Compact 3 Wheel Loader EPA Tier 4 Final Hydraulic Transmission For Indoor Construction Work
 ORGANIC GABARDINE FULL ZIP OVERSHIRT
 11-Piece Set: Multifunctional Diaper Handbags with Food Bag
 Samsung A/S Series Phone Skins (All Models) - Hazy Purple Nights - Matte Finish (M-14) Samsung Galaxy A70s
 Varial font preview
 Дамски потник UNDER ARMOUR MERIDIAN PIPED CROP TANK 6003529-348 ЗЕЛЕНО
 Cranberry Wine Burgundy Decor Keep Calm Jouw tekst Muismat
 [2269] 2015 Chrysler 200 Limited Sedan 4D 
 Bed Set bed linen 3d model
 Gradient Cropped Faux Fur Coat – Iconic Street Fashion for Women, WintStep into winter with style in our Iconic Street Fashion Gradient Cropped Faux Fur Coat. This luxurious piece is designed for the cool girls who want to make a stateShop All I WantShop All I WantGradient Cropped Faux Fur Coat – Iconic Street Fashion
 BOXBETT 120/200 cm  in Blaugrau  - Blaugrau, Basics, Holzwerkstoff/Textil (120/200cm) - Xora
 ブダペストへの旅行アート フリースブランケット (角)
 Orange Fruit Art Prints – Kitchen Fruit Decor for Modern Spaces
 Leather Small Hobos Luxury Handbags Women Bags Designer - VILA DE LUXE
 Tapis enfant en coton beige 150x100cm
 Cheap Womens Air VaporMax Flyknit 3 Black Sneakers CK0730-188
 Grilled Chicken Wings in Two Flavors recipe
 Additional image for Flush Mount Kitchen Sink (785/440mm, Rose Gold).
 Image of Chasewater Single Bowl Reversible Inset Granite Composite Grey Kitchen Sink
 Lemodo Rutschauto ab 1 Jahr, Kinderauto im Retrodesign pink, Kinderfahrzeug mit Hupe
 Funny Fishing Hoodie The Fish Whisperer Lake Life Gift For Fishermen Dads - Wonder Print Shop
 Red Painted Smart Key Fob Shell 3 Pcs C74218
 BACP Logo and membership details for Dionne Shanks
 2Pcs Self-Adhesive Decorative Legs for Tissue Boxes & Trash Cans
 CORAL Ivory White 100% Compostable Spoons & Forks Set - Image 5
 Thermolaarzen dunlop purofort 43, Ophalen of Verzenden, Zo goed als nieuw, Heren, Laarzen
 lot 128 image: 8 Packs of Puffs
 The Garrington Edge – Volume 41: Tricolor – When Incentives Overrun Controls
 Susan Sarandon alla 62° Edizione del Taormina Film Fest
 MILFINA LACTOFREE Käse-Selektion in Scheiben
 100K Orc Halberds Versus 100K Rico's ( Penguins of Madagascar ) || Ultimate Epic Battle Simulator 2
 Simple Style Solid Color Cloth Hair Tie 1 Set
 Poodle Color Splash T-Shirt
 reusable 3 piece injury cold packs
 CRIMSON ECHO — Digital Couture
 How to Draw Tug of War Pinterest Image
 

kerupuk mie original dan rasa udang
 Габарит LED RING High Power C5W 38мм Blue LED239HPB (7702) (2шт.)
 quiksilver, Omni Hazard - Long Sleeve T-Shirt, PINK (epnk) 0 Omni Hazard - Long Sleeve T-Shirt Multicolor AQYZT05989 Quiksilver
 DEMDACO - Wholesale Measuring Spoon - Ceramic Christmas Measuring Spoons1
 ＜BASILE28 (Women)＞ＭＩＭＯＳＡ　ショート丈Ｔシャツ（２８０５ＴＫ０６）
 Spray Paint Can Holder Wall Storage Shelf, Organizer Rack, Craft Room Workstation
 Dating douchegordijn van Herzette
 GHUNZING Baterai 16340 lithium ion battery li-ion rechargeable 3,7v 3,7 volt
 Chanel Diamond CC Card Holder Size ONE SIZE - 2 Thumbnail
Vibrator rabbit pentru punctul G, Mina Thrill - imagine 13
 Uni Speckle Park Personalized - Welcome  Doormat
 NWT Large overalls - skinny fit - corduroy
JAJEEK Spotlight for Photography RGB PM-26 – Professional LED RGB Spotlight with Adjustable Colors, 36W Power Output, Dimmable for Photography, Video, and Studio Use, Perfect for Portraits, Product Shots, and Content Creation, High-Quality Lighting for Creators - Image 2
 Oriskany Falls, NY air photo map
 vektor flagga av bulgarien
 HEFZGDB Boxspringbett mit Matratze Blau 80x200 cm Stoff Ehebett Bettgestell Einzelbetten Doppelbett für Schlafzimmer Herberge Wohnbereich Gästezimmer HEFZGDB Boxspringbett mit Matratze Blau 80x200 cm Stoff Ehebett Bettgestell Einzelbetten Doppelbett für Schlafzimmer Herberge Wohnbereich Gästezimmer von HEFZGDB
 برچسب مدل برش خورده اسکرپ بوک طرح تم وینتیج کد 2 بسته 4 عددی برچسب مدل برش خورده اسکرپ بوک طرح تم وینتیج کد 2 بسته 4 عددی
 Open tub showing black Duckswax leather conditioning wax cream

-=-=-=-=-

*Task*. The expected result is an exact transcription of the lines from the one containing "NWT Large overalls - skinny fit - corduroy" through the end of the records above; please include both ends.

*Output of the task*.
 NWT Large overalls - skinny fit - corduroy
JAJEEK Spotlight for Photography RGB PM-26 – Professional LED RGB Spotlight with Adjustable Colors, 36W Power Output, Dimmable for Photography, Video, and Studio Use, Perfect for Portraits, Product Shots, and Content Creation, High-Quality Lighting for Creators - Image 2
 Oriskany Falls, NY air photo map
 vektor flagga av bulgarien
 HEFZGDB Boxspringbett mit Matratze Blau 80x200 cm Stoff Ehebett Bettgestell Einzelbetten Doppelbett für Schlafzimmer Herberge Wohnbereich Gästezimmer HEFZGDB Boxspringbett mit Matratze Blau 80x200 cm Stoff Ehebett Bettgestell Einzelbetten Doppelbett für Schlafzimmer Herberge Wohnbereich Gästezimmer von HEFZGDB
 برچسب مدل برش خورده اسکرپ بوک طرح تم وینتیج کد 2 بسته 4 عددی برچسب مدل برش خورده اسکرپ بوک طرح تم وینتیج کد 2 بسته 4 عددی
 Open tub showing black Duckswax leather conditioning wax cream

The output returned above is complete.